I didn't realise they were separated so early but I met mum who looked really healthy and well cared for, her temperament was amazing and had lots of affection for Victoria! I cannot fault jasper, like max his temperament is faultless! The only issues were with his weight but the litter picked up a bug after someone called to see their pup and brought every man and his dog with them. Victoria also text me after I collected jasper to check how he was doing! I also sent her an update the other day and she was delighted to here how he was getting on.
Hope everything goes well with muttley, he sounds lovely! I'm sure with lots of love and socialisation he will be fine!

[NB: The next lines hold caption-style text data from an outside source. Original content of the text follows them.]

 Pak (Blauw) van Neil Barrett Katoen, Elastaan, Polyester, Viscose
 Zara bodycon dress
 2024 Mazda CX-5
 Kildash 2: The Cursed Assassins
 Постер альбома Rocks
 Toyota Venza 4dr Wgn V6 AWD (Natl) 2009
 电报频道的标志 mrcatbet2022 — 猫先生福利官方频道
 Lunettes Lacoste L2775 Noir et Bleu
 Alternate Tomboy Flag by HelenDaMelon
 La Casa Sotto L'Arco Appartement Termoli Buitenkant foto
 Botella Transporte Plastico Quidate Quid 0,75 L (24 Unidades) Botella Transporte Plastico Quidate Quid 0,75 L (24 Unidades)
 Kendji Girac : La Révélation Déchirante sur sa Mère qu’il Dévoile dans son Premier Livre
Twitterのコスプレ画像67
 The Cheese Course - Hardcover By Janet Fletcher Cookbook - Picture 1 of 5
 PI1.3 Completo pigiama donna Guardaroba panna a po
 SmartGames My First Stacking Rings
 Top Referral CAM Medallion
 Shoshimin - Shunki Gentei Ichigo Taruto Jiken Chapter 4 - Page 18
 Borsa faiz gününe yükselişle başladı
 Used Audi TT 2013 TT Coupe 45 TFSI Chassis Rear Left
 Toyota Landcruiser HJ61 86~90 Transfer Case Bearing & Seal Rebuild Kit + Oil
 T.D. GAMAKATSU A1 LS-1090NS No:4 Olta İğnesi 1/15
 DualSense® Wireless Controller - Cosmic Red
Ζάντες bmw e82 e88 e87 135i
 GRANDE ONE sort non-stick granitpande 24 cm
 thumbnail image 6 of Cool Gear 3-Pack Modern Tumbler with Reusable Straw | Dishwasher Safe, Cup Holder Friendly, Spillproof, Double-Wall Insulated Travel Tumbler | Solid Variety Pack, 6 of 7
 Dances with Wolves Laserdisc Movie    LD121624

Sent from my iPhone using Tapatalk


----------



## Smallears (Oct 28, 2012)

Rudy and max mums and dads, when all said and done we seem to have healthy happy pups so ok their start in the world wasn't as nice and cosy as some others but mutt came home at 10 weeks was using wee pads and within 2 weeks was sitting at door waiting to be let out to toilet, he didn't sleep that great for first few weeks but hey he's a pup!! And all my friends are amazed that I can walk up the river or thru woods without him being on a lead and he really behaves and never let's me far from sight so all in all little rascal pups aren't that bad are they!!


----------



## rudy's mum (Oct 29, 2012)

I've just let Rudy out of his crate after putting him in there for a couple of minutes for time out as he was creating merry hell, and he still is lol, so yes he is happy and healthy, god knows what's going to happen when we put the Christmas tree up, thank goodness they all have good homes now and we know for the future.


----------